- _Work required_: Pictures are to be dropped, and only the lines from the one containing "Pakistani Bokhara hand-knotted" through the end of the data below are to be reproduced as written.

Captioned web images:
<<<<
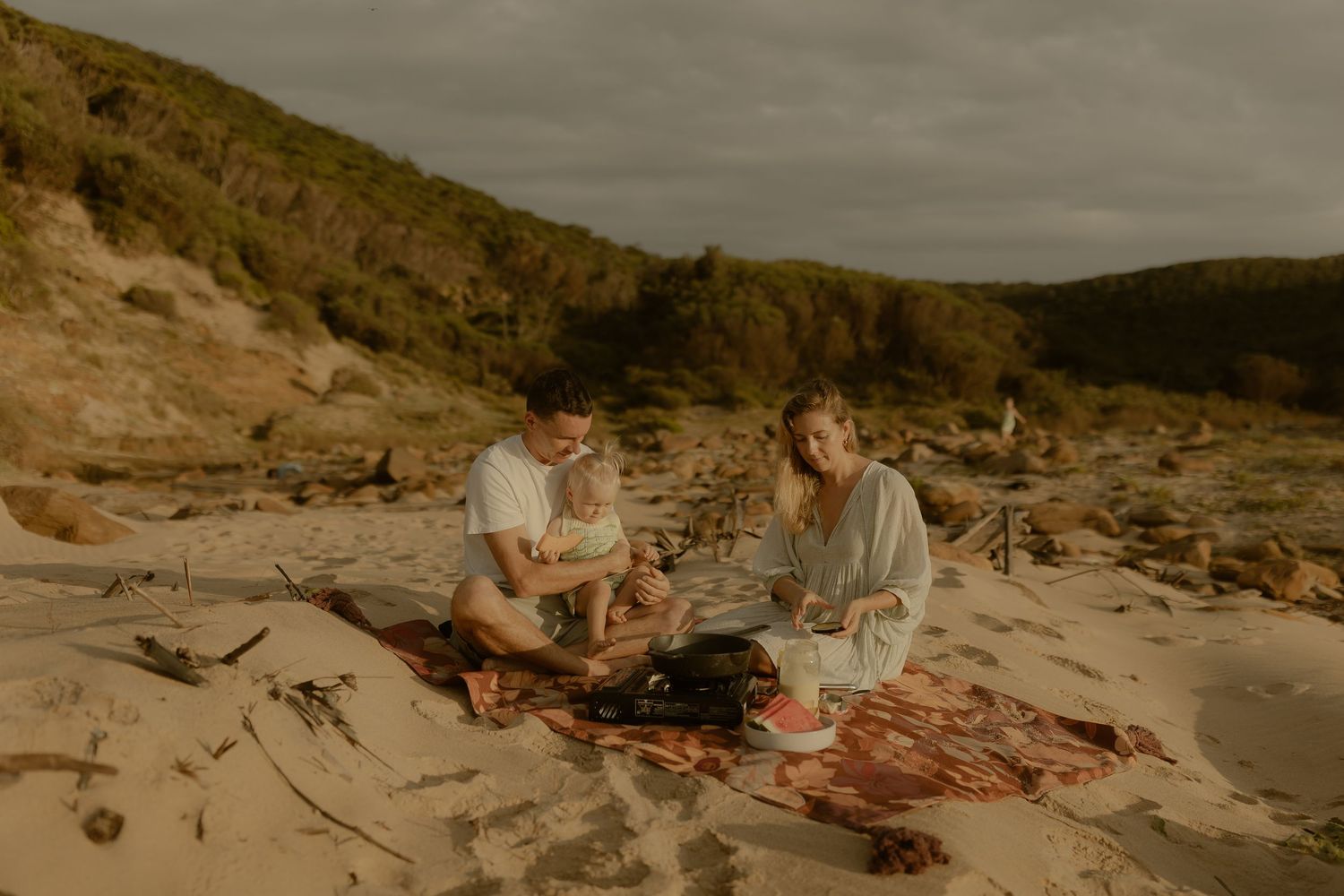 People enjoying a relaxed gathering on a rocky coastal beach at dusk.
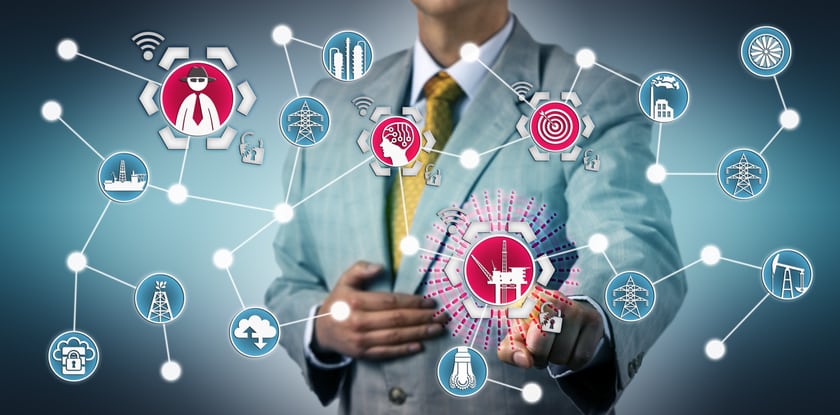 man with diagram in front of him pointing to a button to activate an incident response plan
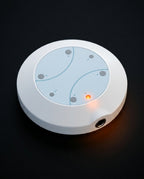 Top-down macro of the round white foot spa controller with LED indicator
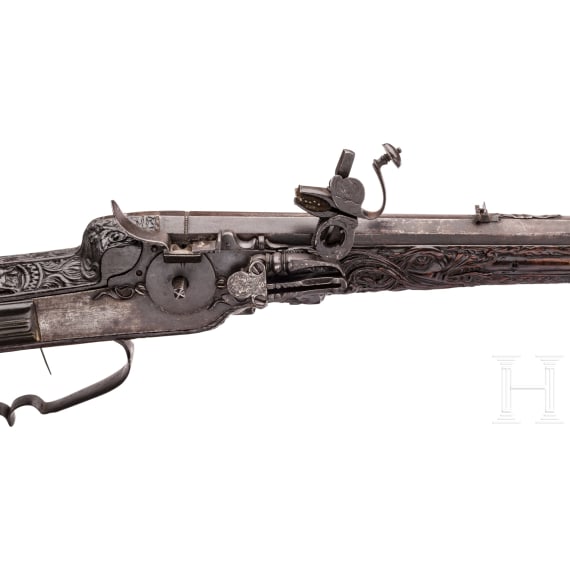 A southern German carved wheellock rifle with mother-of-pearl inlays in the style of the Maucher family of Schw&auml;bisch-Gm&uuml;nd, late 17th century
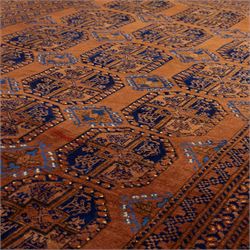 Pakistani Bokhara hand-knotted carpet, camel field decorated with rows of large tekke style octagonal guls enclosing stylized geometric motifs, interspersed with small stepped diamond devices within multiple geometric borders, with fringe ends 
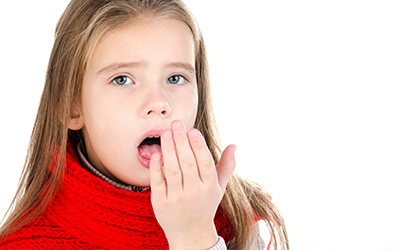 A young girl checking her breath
>>>>
- _Written answer_:
 Pakistani Bokhara hand-knotted carpet, camel field decorated with rows of large tekke style octagonal guls enclosing stylized geometric motifs, interspersed with small stepped diamond devices within multiple geometric borders, with fringe ends 
 A young girl checking her breath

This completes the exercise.